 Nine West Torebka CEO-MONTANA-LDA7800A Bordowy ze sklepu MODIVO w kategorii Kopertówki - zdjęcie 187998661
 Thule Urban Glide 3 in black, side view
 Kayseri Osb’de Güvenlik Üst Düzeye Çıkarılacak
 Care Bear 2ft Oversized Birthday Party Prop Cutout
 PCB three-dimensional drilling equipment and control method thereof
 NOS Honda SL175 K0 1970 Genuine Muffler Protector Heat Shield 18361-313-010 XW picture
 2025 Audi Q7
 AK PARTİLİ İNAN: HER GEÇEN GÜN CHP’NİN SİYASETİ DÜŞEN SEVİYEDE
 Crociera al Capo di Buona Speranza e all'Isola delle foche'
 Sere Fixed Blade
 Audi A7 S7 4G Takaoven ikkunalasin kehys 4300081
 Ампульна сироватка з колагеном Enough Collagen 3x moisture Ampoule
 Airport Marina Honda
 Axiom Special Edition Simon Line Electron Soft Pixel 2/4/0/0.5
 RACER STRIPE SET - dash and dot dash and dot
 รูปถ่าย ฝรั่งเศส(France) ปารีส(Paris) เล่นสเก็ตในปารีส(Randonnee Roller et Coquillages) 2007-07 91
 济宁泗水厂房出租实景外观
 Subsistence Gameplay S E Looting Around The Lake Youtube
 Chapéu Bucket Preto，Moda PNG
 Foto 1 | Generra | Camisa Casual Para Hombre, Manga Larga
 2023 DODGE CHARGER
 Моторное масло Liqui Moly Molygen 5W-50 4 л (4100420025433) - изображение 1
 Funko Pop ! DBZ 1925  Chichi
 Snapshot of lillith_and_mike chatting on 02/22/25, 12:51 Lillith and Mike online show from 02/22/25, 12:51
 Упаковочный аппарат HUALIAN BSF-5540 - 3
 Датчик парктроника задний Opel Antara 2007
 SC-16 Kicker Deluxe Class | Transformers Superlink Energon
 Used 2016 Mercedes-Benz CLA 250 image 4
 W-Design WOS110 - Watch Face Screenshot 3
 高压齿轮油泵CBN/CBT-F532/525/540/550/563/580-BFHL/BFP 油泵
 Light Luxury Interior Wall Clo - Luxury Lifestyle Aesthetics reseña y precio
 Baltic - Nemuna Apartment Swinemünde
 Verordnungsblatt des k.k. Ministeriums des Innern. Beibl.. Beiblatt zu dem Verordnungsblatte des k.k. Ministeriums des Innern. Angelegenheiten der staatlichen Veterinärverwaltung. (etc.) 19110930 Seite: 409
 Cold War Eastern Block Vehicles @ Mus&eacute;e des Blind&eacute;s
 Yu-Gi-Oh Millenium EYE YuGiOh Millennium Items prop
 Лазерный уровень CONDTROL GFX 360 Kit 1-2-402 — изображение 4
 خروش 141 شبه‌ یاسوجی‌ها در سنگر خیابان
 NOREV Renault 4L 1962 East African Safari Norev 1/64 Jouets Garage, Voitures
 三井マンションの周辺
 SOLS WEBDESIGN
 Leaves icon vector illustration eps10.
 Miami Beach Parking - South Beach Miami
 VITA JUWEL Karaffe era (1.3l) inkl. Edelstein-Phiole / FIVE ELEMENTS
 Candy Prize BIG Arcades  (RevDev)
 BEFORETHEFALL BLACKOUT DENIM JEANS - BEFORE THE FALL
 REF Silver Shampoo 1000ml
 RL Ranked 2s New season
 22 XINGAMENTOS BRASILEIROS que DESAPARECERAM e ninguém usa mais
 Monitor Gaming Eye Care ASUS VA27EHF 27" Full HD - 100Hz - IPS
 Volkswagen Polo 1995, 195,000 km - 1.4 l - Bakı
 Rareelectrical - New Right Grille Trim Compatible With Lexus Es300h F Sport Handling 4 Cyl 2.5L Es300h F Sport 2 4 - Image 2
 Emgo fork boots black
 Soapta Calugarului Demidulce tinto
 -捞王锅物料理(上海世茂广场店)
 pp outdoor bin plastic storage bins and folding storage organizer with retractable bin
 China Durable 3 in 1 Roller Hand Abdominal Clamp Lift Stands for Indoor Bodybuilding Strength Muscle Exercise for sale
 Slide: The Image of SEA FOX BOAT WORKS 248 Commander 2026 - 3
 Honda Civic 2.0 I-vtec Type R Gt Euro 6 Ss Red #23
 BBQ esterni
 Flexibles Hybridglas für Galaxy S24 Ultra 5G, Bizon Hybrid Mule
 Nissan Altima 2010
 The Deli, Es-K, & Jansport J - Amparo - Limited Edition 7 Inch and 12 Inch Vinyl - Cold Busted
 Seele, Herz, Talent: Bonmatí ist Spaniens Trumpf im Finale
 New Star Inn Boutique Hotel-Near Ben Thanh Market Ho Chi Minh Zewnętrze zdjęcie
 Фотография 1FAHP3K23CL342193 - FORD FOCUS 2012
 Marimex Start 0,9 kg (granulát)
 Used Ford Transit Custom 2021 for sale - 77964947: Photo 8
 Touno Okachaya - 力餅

> Description of the task
With the first line being the one containing "Snapshot of lillith_and_mike" and the last line the one containing "Honda Civic 2.0", transcribe exactly the lines above that fall in that range.

> Task solution
 Snapshot of lillith_and_mike chatting on 02/22/25, 12:51 Lillith and Mike online show from 02/22/25, 12:51
 Упаковочный аппарат HUALIAN BSF-5540 - 3
 Датчик парктроника задний Opel Antara 2007
 SC-16 Kicker Deluxe Class | Transformers Superlink Energon
 Used 2016 Mercedes-Benz CLA 250 image 4
 W-Design WOS110 - Watch Face Screenshot 3
 高压齿轮油泵CBN/CBT-F532/525/540/550/563/580-BFHL/BFP 油泵
 Light Luxury Interior Wall Clo - Luxury Lifestyle Aesthetics reseña y precio
 Baltic - Nemuna Apartment Swinemünde
 Verordnungsblatt des k.k. Ministeriums des Innern. Beibl.. Beiblatt zu dem Verordnungsblatte des k.k. Ministeriums des Innern. Angelegenheiten der staatlichen Veterinärverwaltung. (etc.) 19110930 Seite: 409
 Cold War Eastern Block Vehicles @ Mus&eacute;e des Blind&eacute;s
 Yu-Gi-Oh Millenium EYE YuGiOh Millennium Items prop
 Лазерный уровень CONDTROL GFX 360 Kit 1-2-402 — изображение 4
 خروش 141 شبه‌ یاسوجی‌ها در سنگر خیابان
 NOREV Renault 4L 1962 East African Safari Norev 1/64 Jouets Garage, Voitures
 三井マンションの周辺
 SOLS WEBDESIGN
 Leaves icon vector illustration eps10.
 Miami Beach Parking - South Beach Miami
 VITA JUWEL Karaffe era (1.3l) inkl. Edelstein-Phiole / FIVE ELEMENTS
 Candy Prize BIG Arcades  (RevDev)
 BEFORETHEFALL BLACKOUT DENIM JEANS - BEFORE THE FALL
 REF Silver Shampoo 1000ml
 RL Ranked 2s New season
 22 XINGAMENTOS BRASILEIROS que DESAPARECERAM e ninguém usa mais
 Monitor Gaming Eye Care ASUS VA27EHF 27" Full HD - 100Hz - IPS
 Volkswagen Polo 1995, 195,000 km - 1.4 l - Bakı
 Rareelectrical - New Right Grille Trim Compatible With Lexus Es300h F Sport Handling 4 Cyl 2.5L Es300h F Sport 2 4 - Image 2
 Emgo fork boots black
 Soapta Calugarului Demidulce tinto
 -捞王锅物料理(上海世茂广场店)
 pp outdoor bin plastic storage bins and folding storage organizer with retractable bin
 China Durable 3 in 1 Roller Hand Abdominal Clamp Lift Stands for Indoor Bodybuilding Strength Muscle Exercise for sale
 Slide: The Image of SEA FOX BOAT WORKS 248 Commander 2026 - 3
 Honda Civic 2.0 I-vtec Type R Gt Euro 6 Ss Red #23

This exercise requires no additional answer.